There’s also another, lesser-known layer to this. Certain regions of the Moon, called KREEP terrains (short for potassium, rare-earth elements, and phosphorus), are believed to contain concentrations of rare-earth materials. These include elements such as yttrium and neodymium, found in trace minerals like apatite, monazite, and merrillite. On paper, the scale is enormous, with estimates suggesting hundreds of trillions of kilograms of these elements embedded in the lunar surface.
But here’s the catch. Unlike deposits on Earth, these materials are highly dispersed. They exist in such low concentrations that, with current technology, extracting them in economically viable quantities is nearly impossible. In other words, while the Moon may look like a treasure trove of rare earths, it doesn’t yet qualify as a mine. At least not in the way we understand mining today.
Besides, these possibilities come with significant uncertainty.

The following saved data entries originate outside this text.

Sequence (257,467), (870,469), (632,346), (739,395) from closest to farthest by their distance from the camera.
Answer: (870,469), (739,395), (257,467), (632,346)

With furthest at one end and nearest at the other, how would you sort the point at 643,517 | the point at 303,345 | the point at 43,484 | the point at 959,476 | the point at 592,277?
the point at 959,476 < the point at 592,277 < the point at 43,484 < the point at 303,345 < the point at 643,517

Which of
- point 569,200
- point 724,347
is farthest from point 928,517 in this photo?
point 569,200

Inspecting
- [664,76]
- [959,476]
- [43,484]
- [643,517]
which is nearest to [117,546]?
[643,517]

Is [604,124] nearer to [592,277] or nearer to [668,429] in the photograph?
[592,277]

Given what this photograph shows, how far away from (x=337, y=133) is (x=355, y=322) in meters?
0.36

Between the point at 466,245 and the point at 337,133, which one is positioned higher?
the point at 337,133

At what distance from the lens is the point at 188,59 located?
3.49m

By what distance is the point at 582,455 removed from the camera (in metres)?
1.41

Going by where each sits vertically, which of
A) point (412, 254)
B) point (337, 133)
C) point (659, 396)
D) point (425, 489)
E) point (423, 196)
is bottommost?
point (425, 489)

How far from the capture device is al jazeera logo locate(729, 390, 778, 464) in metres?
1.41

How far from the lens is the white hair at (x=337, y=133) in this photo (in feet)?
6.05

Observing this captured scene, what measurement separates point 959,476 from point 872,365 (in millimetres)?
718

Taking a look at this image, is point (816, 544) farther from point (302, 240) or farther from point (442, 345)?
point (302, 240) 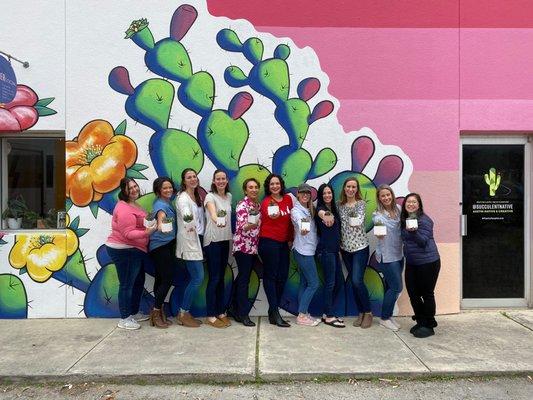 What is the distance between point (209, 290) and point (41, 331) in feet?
6.91

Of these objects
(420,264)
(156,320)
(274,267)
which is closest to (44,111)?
(156,320)

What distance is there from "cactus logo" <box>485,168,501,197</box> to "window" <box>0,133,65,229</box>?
5.96 m

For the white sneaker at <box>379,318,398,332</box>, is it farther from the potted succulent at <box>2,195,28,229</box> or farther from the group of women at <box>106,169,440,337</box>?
the potted succulent at <box>2,195,28,229</box>

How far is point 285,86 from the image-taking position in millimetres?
6117

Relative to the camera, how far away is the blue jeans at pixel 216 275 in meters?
5.62

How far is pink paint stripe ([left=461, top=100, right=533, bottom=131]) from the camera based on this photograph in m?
6.18

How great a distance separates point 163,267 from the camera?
5.58m

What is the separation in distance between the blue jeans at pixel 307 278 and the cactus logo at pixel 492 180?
9.20 feet

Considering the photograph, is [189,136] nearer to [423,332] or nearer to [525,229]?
[423,332]

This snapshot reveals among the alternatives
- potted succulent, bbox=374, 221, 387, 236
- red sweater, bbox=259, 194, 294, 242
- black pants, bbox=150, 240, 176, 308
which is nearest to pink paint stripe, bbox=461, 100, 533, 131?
potted succulent, bbox=374, 221, 387, 236

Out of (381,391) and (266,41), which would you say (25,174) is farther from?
(381,391)

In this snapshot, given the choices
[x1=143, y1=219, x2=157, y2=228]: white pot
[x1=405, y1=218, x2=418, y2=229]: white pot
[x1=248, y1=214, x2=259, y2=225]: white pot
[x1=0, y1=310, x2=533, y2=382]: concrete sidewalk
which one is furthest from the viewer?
[x1=248, y1=214, x2=259, y2=225]: white pot

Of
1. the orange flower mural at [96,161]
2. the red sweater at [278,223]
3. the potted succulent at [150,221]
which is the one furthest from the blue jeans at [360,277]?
the orange flower mural at [96,161]

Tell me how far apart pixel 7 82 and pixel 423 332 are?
5775 mm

Space exploration remains one of the most capital-intensive activities undertaken by governments and private companies. Despite reusable rockets bringing down the cost of launches, they are still high, timelines are long, and returns are uncertain. Unlike in traditional industries, there is no immediate revenue model to justify large-scale investment in lunar infrastructure.
As we’ve explained in a previous story about SpaceX:
The cost of developing the Starship, transporting cargo and humans, setting up habitats, and sustaining repeated missions could easily run north of $1 trillion. And more importantly, there is no obvious revenue model at the end of it.
From a shareholder perspective, that is a sinkhole, and history often suggests that the markets win those arguments.
This is where the current phase differs from the Apollo era.
Apollo was primarily driven by geopolitical tensions between the US and the Soviet Union. Economic returns were not the objective. Today, while national prestige still plays a role, there is a growing emphasis on long-term economic viability.
The expectation, however, is not that space exploration will generate immediate profits, but that early investments will create options for the future. If certain technologies mature, such as reusable rockets, space mining, or nuclear fusion, the economic landscape could shift dramatically.
Until then, much of the spending remains speculative.
This is why Artemis II is significant despite being a non-landing mission. It represents a transition from proving that something is possible to understanding whether it can be sustained. The focus is on reliability, consistency, and scalability rather than one-time achievement.
So yeah, if these early missions succeed, they set the stage for sustained lunar presence later in the decade (or century). That, in turn, opens the door to experiment with infrastructure, resource utilisation, and new economic activities.
If they fail, the timeline stretches further, and the economics become harder to justify.